━━━━━ GIVEN INFORMATION ━━━━━

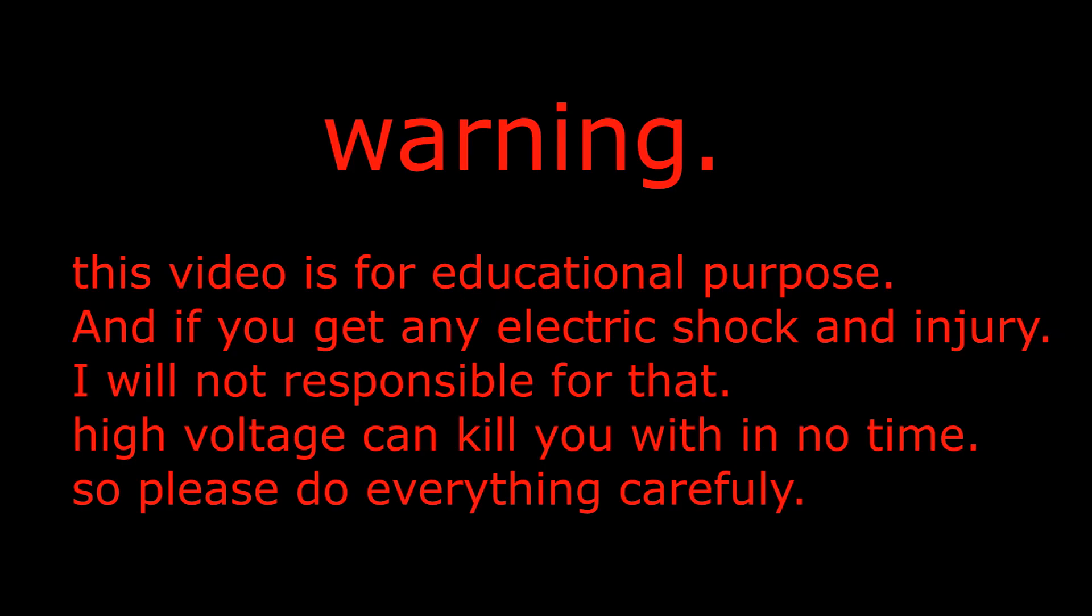Warning. This video is for educational purposes. And if you get any electric shock and injury, I will not be responsible for that. High voltage can kill you within no time, so please do everything carefully.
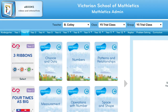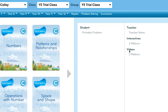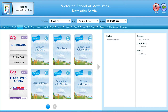We provide the problems in both the student view and a teacher view. We provide videos, we provide interactives, and we provide a teacher professional video for you as well, to give you a sense of what's going on so that the kids can experiment and use the digital resources to advantage to actually solve the problems.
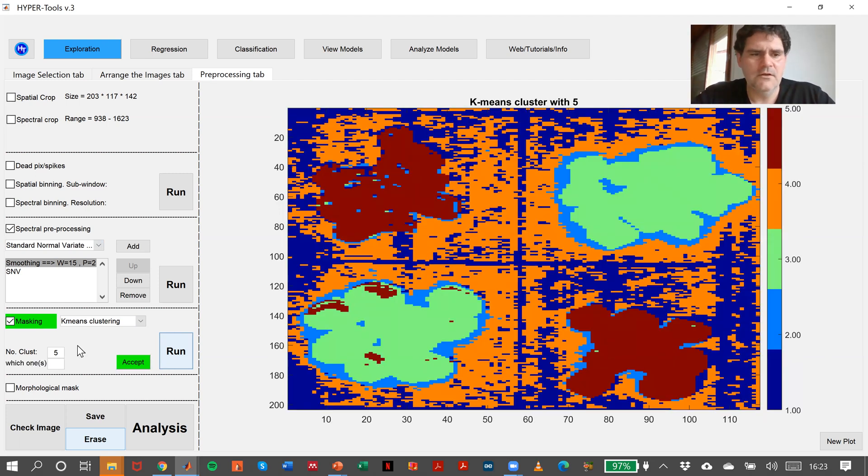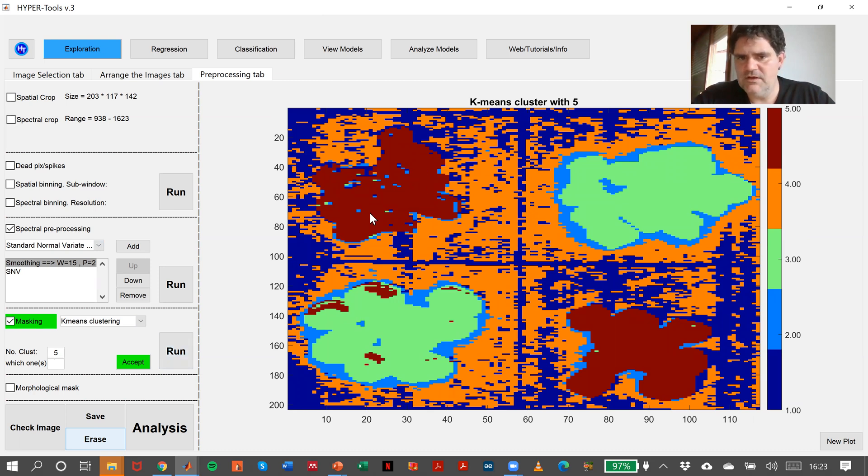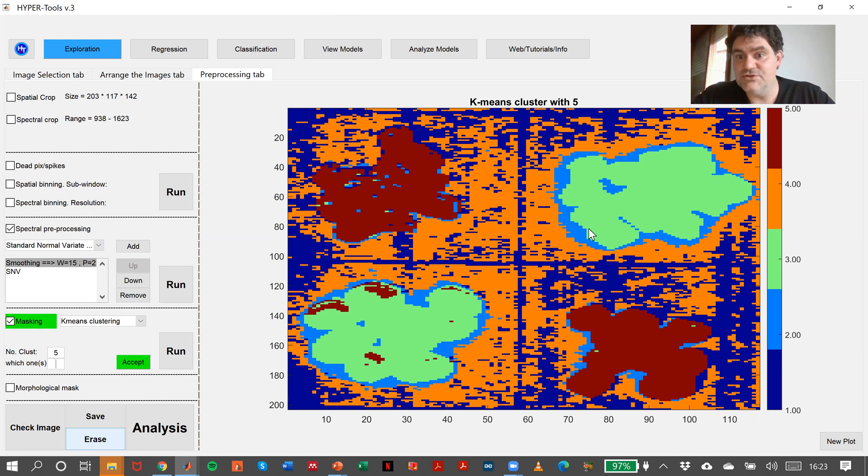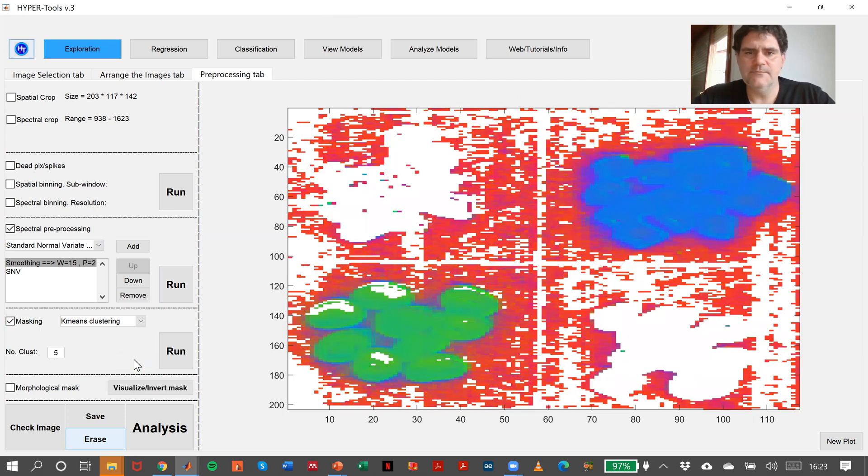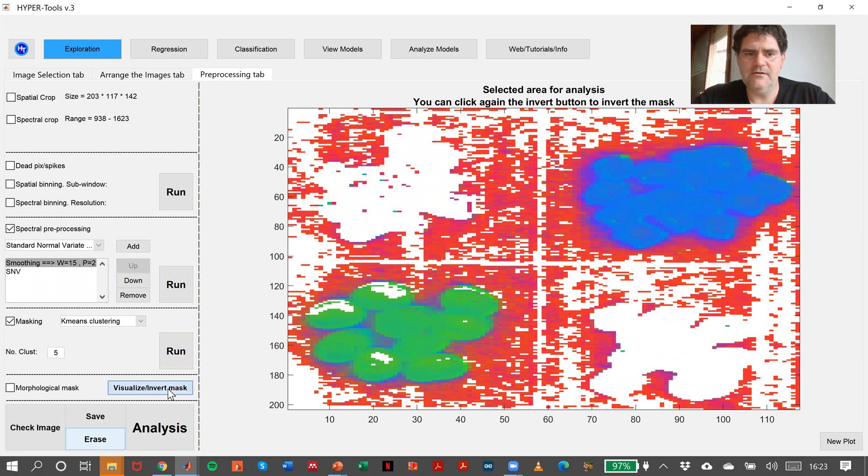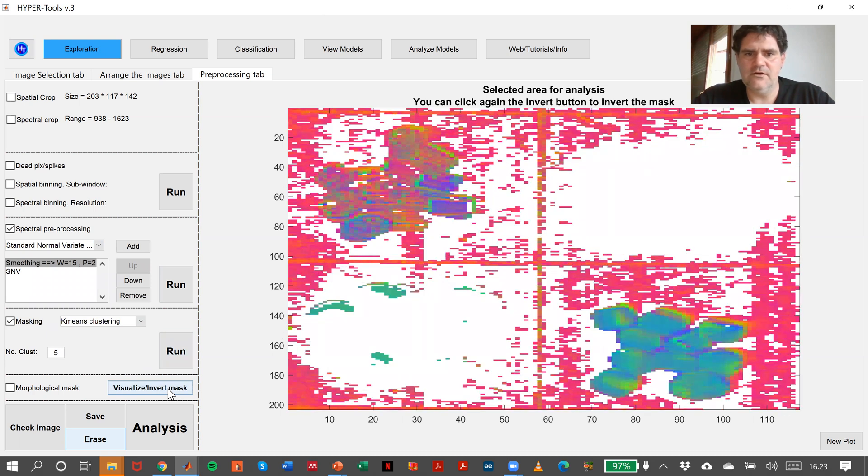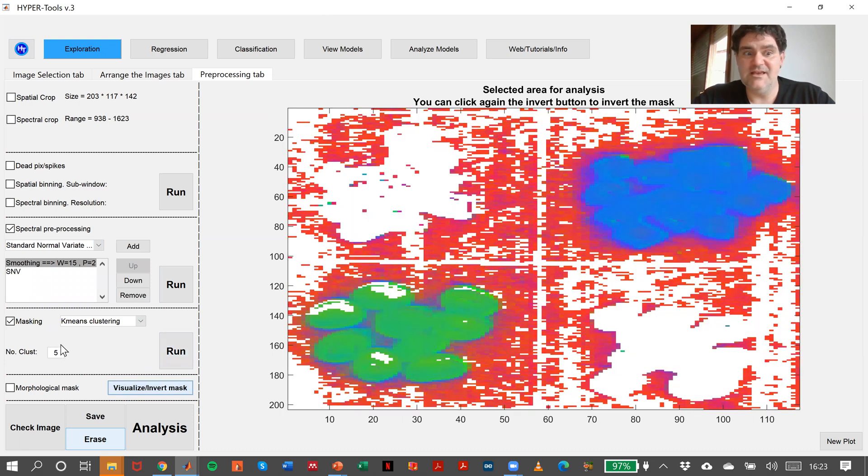In here I can say I am interested in cluster number four and cluster number three, and also cluster number two. So four, three, two, accept. There we are. I made a mistake here selecting the clusters.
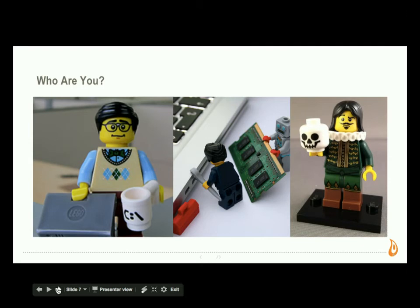We want to know about you. Which of these Lego characters represents you?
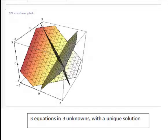In other recordings we look at how to solve systems of equations where we are dealing with linear equations where there are three unknowns. In this recording we take a look at the visual interpretation of some of those solutions. First of all, sometimes you might get three equations in three unknowns with a unique solution.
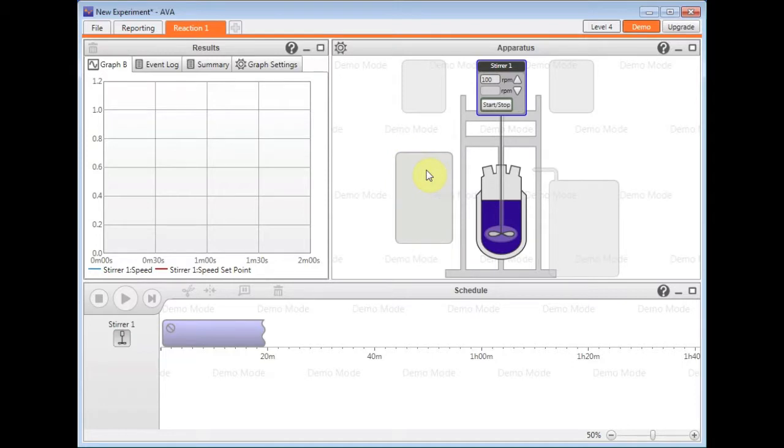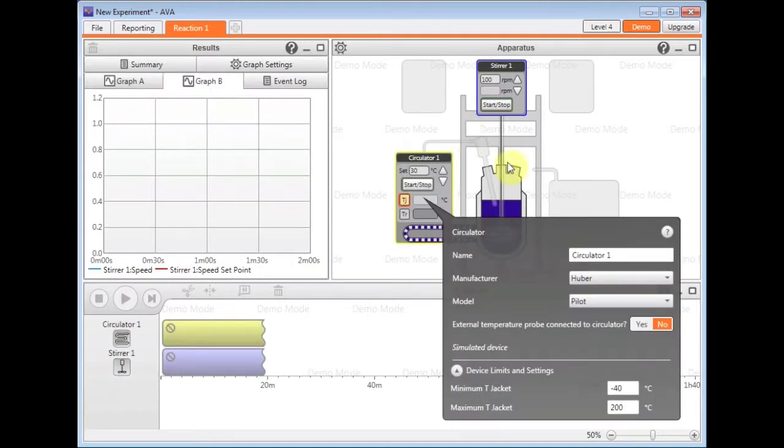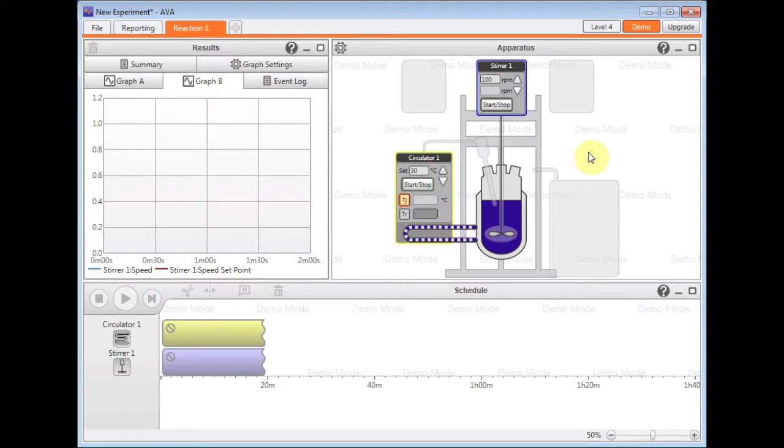This icon zone, or zone down the bottom here, is for circulators only. So if I click on there, I just get a circulator icon which I can choose. Again, click off to apply.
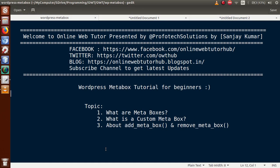Hello guys, welcome to Online Web Tutor presented by Profit Solutions Team. I am Sanjay. In this video session we're going to start a new exciting playlist of WordPress called WordPress Meta Box Tutorial for Beginners. This is our first video session and we are going to discuss the introduction part of WordPress meta box tutorial, covering what are meta boxes, what is a custom meta box, and the two WordPress functions: add_meta_box and remove_meta_box.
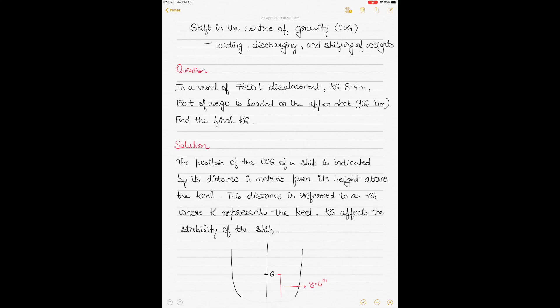This video is about the shift in the center of gravity that takes place on a ship due to loading, discharging, and shifting of weights. This is video 6 in the series of ship stability, so if this is the first video you're watching, I'd advise you to start from the first video.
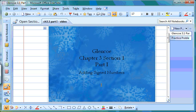As we start into Chapter 3, we're going to start off with adding numbers with different signs. We're going to add numbers that are positive and negative. An important thing to remember as we're doing that is that we're going to do a little work with number lines.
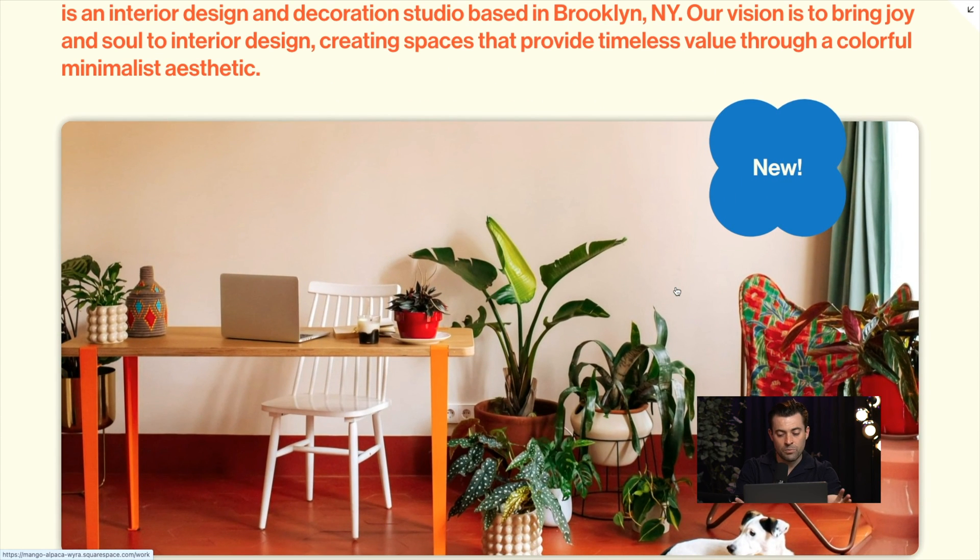So really simple, nice new effect that Squarespace has added. If you found that useful, please make sure to leave a like and hit subscribe. And if you want me to build your Squarespace website, you can get in touch using the links in the description.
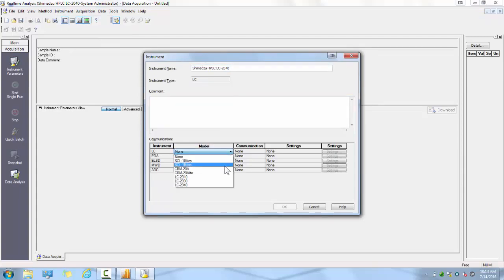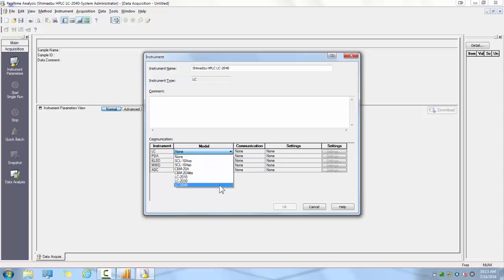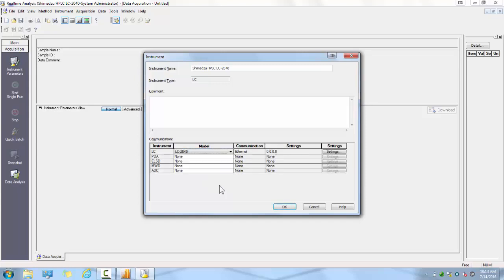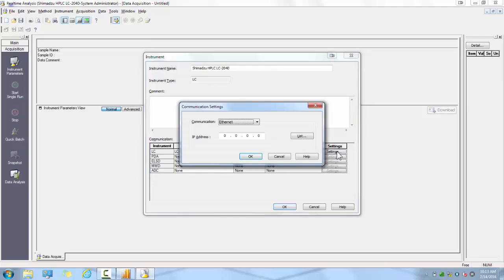Within the screen, you will need to select your LC system, whether that be a modular CBM-20A, CBM-20A Lite, or in this case, an LC-2040 i-Series. Once you've selected your LC system, click on the Settings button. This will let you select your communication settings.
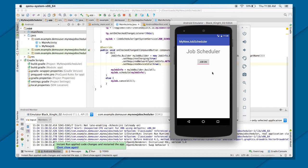So that was all from my side on job scheduler. Thank you.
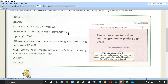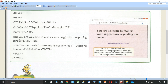Let us see how to do it. They have used the HTML tag, then the head tag, then the title tag. Inside the body tag they have given a background color of pink, left margin as 75, and top margin as 50. Inside the body they have written text inside an H1 heading: 'You are welcome to mail us your suggestions regarding our books.' Then a line break using the BR tag.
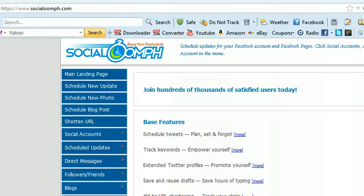Automate your social media and your Facebook so that you maintain a presence on your Facebook and your social media even when you're not there. The old excuse that I can't do this because I have a full-time job and I just don't have time for Facebook and social media is totally obliterated and annihilated because of free tools like social automation.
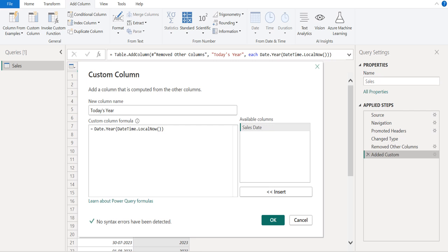Inside this M function, we use the DateTime.LocalNow M function, which returns the current date of the system, so that we get only the year from today's date without month and day.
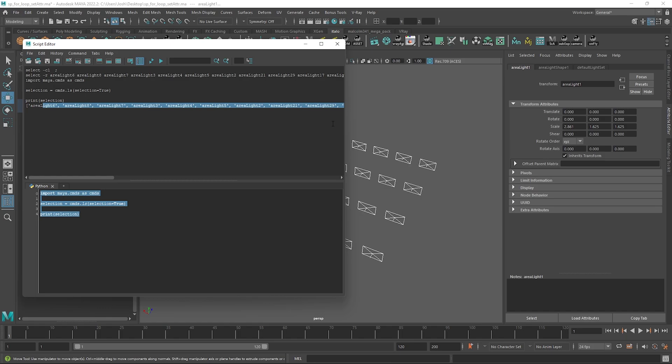We won't go too much into validating our object types since this is going to be a super simple script. With the way I usually use it, I know the object type I have selected and I know the attributes I want to adjust. But what we can do is validate that a selection has at least been made, so go ahead and also import sys.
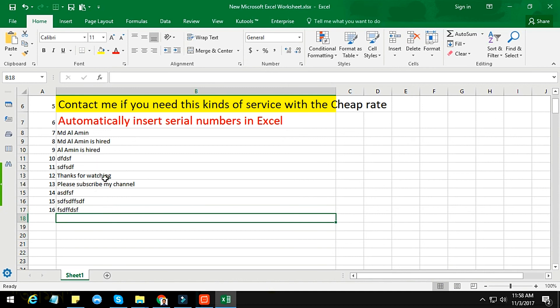Friends, I hope you like my technique. This is a very simple formula and you can easily remember it. If you think this is helpful for you, please subscribe to my channel and share this video with your friends so they can also learn this technique. Please take care of your health and pray for me.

━━━━━

> [EXERCISE DIRECTIONS]
Copy out all the data exactly, skipping the pictures.

> [PROBLEM SOLUTION]
Warning. This video is for educational purposes. And if you get any electric shock and injury, I will not be responsible for that. High voltage can kill you within no time, so please do everything carefully.
We provide the problems in both the student view and a teacher view. We provide videos, we provide interactives, and we provide a teacher professional video for you as well, to give you a sense of what's going on so that the kids can experiment and use the digital resources to advantage to actually solve the problems.
In here I can say I am interested in cluster number four and cluster number three, and also cluster number two. So four, three, two, accept. There we are. I made a mistake here selecting the clusters.
We want to know about you. Which of these Lego characters represents you?
In other recordings we look at how to solve systems of equations where we are dealing with linear equations where there are three unknowns. In this recording we take a look at the visual interpretation of some of those solutions. First of all, sometimes you might get three equations in three unknowns with a unique solution.
This icon zone, or zone down the bottom here, is for circulators only. So if I click on there, I just get a circulator icon which I can choose. Again, click off to apply.
Hello guys, welcome to Online Web Tutor presented by Profit Solutions Team. I am Sanjay. In this video session we're going to start a new exciting playlist of WordPress called WordPress Meta Box Tutorial for Beginners. This is our first video session and we are going to discuss the introduction part of WordPress meta box tutorial, covering what are meta boxes, what is a custom meta box, and the two WordPress functions: add_meta_box and remove_meta_box.
This video is about the shift in the center of gravity that takes place on a ship due to loading, discharging, and shifting of weights. This is video 6 in the series of ship stability, so if this is the first video you're watching, I'd advise you to start from the first video.
As we start into Chapter 3, we're going to start off with adding numbers with different signs. We're going to add numbers that are positive and negative. An important thing to remember as we're doing that is that we're going to do a little work with number lines.
So really simple, nice new effect that Squarespace has added. If you found that useful, please make sure to leave a like and hit subscribe. And if you want me to build your Squarespace website, you can get in touch using the links in the description.
Within the screen, you will need to select your LC system, whether that be a modular CBM-20A, CBM-20A Lite, or in this case, an LC-2040 i-Series. Once you've selected your LC system, click on the Settings button. This will let you select your communication settings.
So that was all from my side on job scheduler. Thank you.
Let us see how to do it. They have used the HTML tag, then the head tag, then the title tag. Inside the body tag they have given a background color of pink, left margin as 75, and top margin as 50. Inside the body they have written text inside an H1 heading: 'You are welcome to mail us your suggestions regarding our books.' Then a line break using the BR tag.
Automate your social media and your Facebook so that you maintain a presence on your Facebook and your social media even when you're not there. The old excuse that I can't do this because I have a full-time job and I just don't have time for Facebook and social media is totally obliterated and annihilated because of free tools like social automation.
Inside this M function, we use the DateTime.LocalNow M function, which returns the current date of the system, so that we get only the year from today's date without month and day.
We won't go too much into validating our object types since this is going to be a super simple script. With the way I usually use it, I know the object type I have selected and I know the attributes I want to adjust. But what we can do is validate that a selection has at least been made, so go ahead and also import sys.
Friends, I hope you like my technique. This is a very simple formula and you can easily remember it. If you think this is helpful for you, please subscribe to my channel and share this video with your friends so they can also learn this technique. Please take care of your health and pray for me.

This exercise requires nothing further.